▶ What is expected
Nothing in the data is to be left out; copy it exactly.

Stored records
= Beginning of Section =

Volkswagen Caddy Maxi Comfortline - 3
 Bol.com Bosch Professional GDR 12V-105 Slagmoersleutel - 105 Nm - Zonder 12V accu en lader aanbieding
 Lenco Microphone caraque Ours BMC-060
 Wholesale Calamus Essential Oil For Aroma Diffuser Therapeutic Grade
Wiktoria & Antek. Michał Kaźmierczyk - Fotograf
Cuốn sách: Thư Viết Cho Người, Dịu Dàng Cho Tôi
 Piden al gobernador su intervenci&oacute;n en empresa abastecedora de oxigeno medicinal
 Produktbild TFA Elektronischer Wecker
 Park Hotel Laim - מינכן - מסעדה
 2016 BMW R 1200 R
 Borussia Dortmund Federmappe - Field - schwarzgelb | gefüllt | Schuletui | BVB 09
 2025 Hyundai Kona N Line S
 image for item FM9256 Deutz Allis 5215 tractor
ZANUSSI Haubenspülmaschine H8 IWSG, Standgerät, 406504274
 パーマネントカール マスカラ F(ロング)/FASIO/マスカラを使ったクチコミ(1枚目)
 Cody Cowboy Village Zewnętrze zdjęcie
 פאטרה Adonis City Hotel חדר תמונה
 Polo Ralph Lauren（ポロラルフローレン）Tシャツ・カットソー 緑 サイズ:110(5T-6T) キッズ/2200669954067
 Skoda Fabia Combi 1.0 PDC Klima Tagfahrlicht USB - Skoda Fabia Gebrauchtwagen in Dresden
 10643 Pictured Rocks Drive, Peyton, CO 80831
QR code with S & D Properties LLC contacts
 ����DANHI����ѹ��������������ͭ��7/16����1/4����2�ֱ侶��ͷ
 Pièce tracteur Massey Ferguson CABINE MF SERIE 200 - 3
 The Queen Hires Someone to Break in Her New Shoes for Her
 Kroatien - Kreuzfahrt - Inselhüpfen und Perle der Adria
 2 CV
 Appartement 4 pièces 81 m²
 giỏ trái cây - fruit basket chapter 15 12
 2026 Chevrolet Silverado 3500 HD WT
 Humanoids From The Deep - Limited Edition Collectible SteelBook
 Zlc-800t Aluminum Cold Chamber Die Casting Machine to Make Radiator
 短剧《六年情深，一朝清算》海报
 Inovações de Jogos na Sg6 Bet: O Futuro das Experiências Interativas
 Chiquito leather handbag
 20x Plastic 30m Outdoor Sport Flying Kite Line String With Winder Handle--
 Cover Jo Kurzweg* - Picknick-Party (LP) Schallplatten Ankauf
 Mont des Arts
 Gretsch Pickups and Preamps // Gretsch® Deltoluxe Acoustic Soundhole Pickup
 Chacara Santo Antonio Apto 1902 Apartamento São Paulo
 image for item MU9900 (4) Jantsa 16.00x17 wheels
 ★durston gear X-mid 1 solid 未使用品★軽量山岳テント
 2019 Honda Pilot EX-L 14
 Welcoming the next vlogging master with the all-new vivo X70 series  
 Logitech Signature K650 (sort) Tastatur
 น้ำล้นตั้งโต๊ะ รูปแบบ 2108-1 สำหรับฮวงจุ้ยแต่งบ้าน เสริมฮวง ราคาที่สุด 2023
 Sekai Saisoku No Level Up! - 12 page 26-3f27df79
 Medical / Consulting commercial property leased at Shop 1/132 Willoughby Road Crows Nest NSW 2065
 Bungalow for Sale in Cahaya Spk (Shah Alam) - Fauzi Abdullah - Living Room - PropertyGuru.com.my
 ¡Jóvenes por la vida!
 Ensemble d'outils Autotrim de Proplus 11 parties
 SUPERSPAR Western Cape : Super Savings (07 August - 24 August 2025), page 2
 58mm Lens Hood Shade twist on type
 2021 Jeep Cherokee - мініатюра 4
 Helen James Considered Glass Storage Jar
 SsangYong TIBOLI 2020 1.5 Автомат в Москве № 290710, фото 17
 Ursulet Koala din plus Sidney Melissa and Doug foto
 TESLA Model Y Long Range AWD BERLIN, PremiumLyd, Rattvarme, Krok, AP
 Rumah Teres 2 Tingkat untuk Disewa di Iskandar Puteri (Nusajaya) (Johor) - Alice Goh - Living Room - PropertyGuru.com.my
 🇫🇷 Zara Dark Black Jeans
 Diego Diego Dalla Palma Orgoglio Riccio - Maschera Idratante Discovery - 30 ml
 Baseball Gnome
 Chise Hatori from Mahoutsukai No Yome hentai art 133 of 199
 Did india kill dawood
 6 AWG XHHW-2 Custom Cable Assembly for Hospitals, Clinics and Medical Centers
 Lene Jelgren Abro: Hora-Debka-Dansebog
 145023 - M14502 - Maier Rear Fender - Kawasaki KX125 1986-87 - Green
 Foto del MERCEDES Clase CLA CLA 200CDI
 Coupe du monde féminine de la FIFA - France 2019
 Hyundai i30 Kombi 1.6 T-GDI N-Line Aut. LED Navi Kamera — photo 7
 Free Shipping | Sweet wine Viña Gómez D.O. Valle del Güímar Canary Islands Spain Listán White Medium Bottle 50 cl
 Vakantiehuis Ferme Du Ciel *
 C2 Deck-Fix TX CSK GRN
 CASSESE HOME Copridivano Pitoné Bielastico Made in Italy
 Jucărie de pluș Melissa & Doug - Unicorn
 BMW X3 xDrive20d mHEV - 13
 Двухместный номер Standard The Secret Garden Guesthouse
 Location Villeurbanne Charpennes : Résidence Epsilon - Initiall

= End of Section =

▶ Finished task
Volkswagen Caddy Maxi Comfortline - 3
 Bol.com Bosch Professional GDR 12V-105 Slagmoersleutel - 105 Nm - Zonder 12V accu en lader aanbieding
 Lenco Microphone caraque Ours BMC-060
 Wholesale Calamus Essential Oil For Aroma Diffuser Therapeutic Grade
Wiktoria & Antek. Michał Kaźmierczyk - Fotograf
Cuốn sách: Thư Viết Cho Người, Dịu Dàng Cho Tôi
 Piden al gobernador su intervenci&oacute;n en empresa abastecedora de oxigeno medicinal
 Produktbild TFA Elektronischer Wecker
 Park Hotel Laim - מינכן - מסעדה
 2016 BMW R 1200 R
 Borussia Dortmund Federmappe - Field - schwarzgelb | gefüllt | Schuletui | BVB 09
 2025 Hyundai Kona N Line S
 image for item FM9256 Deutz Allis 5215 tractor
ZANUSSI Haubenspülmaschine H8 IWSG, Standgerät, 406504274
 パーマネントカール マスカラ F(ロング)/FASIO/マスカラを使ったクチコミ(1枚目)
 Cody Cowboy Village Zewnętrze zdjęcie
 פאטרה Adonis City Hotel חדר תמונה
 Polo Ralph Lauren（ポロラルフローレン）Tシャツ・カットソー 緑 サイズ:110(5T-6T) キッズ/2200669954067
 Skoda Fabia Combi 1.0 PDC Klima Tagfahrlicht USB - Skoda Fabia Gebrauchtwagen in Dresden
 10643 Pictured Rocks Drive, Peyton, CO 80831
QR code with S & D Properties LLC contacts
 ����DANHI����ѹ��������������ͭ��7/16����1/4����2�ֱ侶��ͷ
 Pièce tracteur Massey Ferguson CABINE MF SERIE 200 - 3
 The Queen Hires Someone to Break in Her New Shoes for Her
 Kroatien - Kreuzfahrt - Inselhüpfen und Perle der Adria
 2 CV
 Appartement 4 pièces 81 m²
 giỏ trái cây - fruit basket chapter 15 12
 2026 Chevrolet Silverado 3500 HD WT
 Humanoids From The Deep - Limited Edition Collectible SteelBook
 Zlc-800t Aluminum Cold Chamber Die Casting Machine to Make Radiator
 短剧《六年情深，一朝清算》海报
 Inovações de Jogos na Sg6 Bet: O Futuro das Experiências Interativas
 Chiquito leather handbag
 20x Plastic 30m Outdoor Sport Flying Kite Line String With Winder Handle--
 Cover Jo Kurzweg* - Picknick-Party (LP) Schallplatten Ankauf
 Mont des Arts
 Gretsch Pickups and Preamps // Gretsch® Deltoluxe Acoustic Soundhole Pickup
 Chacara Santo Antonio Apto 1902 Apartamento São Paulo
 image for item MU9900 (4) Jantsa 16.00x17 wheels
 ★durston gear X-mid 1 solid 未使用品★軽量山岳テント
 2019 Honda Pilot EX-L 14
 Welcoming the next vlogging master with the all-new vivo X70 series  
 Logitech Signature K650 (sort) Tastatur
 น้ำล้นตั้งโต๊ะ รูปแบบ 2108-1 สำหรับฮวงจุ้ยแต่งบ้าน เสริมฮวง ราคาที่สุด 2023
 Sekai Saisoku No Level Up! - 12 page 26-3f27df79
 Medical / Consulting commercial property leased at Shop 1/132 Willoughby Road Crows Nest NSW 2065
 Bungalow for Sale in Cahaya Spk (Shah Alam) - Fauzi Abdullah - Living Room - PropertyGuru.com.my
 ¡Jóvenes por la vida!
 Ensemble d'outils Autotrim de Proplus 11 parties
 SUPERSPAR Western Cape : Super Savings (07 August - 24 August 2025), page 2
 58mm Lens Hood Shade twist on type
 2021 Jeep Cherokee - мініатюра 4
 Helen James Considered Glass Storage Jar
 SsangYong TIBOLI 2020 1.5 Автомат в Москве № 290710, фото 17
 Ursulet Koala din plus Sidney Melissa and Doug foto
 TESLA Model Y Long Range AWD BERLIN, PremiumLyd, Rattvarme, Krok, AP
 Rumah Teres 2 Tingkat untuk Disewa di Iskandar Puteri (Nusajaya) (Johor) - Alice Goh - Living Room - PropertyGuru.com.my
 🇫🇷 Zara Dark Black Jeans
 Diego Diego Dalla Palma Orgoglio Riccio - Maschera Idratante Discovery - 30 ml
 Baseball Gnome
 Chise Hatori from Mahoutsukai No Yome hentai art 133 of 199
 Did india kill dawood
 6 AWG XHHW-2 Custom Cable Assembly for Hospitals, Clinics and Medical Centers
 Lene Jelgren Abro: Hora-Debka-Dansebog
 145023 - M14502 - Maier Rear Fender - Kawasaki KX125 1986-87 - Green
 Foto del MERCEDES Clase CLA CLA 200CDI
 Coupe du monde féminine de la FIFA - France 2019
 Hyundai i30 Kombi 1.6 T-GDI N-Line Aut. LED Navi Kamera — photo 7
 Free Shipping | Sweet wine Viña Gómez D.O. Valle del Güímar Canary Islands Spain Listán White Medium Bottle 50 cl
 Vakantiehuis Ferme Du Ciel *
 C2 Deck-Fix TX CSK GRN
 CASSESE HOME Copridivano Pitoné Bielastico Made in Italy
 Jucărie de pluș Melissa & Doug - Unicorn
 BMW X3 xDrive20d mHEV - 13
 Двухместный номер Standard The Secret Garden Guesthouse
 Location Villeurbanne Charpennes : Résidence Epsilon - Initiall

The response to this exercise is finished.